That’s it, you’re looking at it. I cut it out from some light cotton/lycra jersey in my stash, and proceeded to scratch my head over the instructions. (I don’t envy the people who had to write up the guide sheet at Vogue.)
In lieu of top-stitching the edges (but leaving them raw, as called for in the pattern), I used a kind of 50s-looking Greek Key decorative stitch to finish the edges with a little stretch.
After a number of twists and turns, and more head-scratching, I ended up marking the center front, left and right sides etc. with chalk so I could figure it all out.
Lo and behold, the pinwheel became a nice summer top with a twist!
It only took a few hours start to finish, which has got to be a new record for me. Here’s the play-by-play on Pattern Review.
Then I decided to go for a Miyake skirt, from Vogue 2437. (Alas, I don’t have a photo of the pattern at present, but if you go to my review on Pattern Review Vogue 2437, it should turn up.)
This skirt is also cut from one pattern piece, and here I’m using Eileen Fisher rayon ponte, which has a nice drape.
Just a big rectangle-ish piece, right? Not so fast.

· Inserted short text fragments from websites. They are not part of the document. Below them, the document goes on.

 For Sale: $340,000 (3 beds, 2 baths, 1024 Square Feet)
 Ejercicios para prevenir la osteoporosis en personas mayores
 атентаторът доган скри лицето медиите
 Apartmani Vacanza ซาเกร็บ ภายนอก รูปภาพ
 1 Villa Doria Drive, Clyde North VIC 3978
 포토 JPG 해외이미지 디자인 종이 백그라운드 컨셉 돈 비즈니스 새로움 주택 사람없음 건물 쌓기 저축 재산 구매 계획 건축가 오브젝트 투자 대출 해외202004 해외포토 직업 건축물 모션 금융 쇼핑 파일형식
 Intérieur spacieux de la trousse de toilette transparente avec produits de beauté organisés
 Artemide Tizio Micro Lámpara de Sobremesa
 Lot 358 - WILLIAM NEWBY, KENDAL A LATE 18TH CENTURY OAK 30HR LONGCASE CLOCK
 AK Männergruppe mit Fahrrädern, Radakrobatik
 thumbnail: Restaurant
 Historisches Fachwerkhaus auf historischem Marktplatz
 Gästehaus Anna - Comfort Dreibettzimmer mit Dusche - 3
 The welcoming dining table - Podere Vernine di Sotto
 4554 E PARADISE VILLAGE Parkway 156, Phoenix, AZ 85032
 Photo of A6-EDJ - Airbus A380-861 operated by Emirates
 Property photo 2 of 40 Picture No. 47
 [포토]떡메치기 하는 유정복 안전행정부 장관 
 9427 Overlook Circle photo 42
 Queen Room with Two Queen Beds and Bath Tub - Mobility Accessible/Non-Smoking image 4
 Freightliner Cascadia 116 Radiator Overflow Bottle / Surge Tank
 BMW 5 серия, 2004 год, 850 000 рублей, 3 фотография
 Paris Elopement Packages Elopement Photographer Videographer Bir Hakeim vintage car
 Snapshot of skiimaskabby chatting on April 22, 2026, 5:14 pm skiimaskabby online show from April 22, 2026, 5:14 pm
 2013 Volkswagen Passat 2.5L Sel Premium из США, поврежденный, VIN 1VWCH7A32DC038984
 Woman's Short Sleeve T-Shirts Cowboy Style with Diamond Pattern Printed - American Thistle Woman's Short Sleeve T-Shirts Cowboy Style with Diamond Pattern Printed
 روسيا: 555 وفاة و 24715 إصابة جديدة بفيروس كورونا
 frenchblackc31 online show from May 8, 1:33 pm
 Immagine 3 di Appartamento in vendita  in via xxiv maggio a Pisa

There are so many weird darts and closures that I used white tracing paper and a tracing wheel to mark them, followed by chalk.
See what I mean? Yes, those are overlapping darts.
The only closures on this skirt are two rows of snap tape. The idea is that you can snap it how you want to give it variations in the drape. I had some brass snap tape from Paris that did the trick.
Upon giving the skirt a test drive, though, I discovered that the snap tape did not have enough hold for my middle-aged behind, so I added a giant snap at the top.
It’s a hard to photograph, but it’s a really fun design. I used Steam-a-Seam Lite 2 to secure the edges and snap tape before top-stitching, which helped a lot.
Here’s one way that I “styled” the two pieces for the contest.
(You may recall that I made that quilted Chanel bag “homage” last year, and the info on that is in this post.)
I really recommend the Miyake patterns from this era!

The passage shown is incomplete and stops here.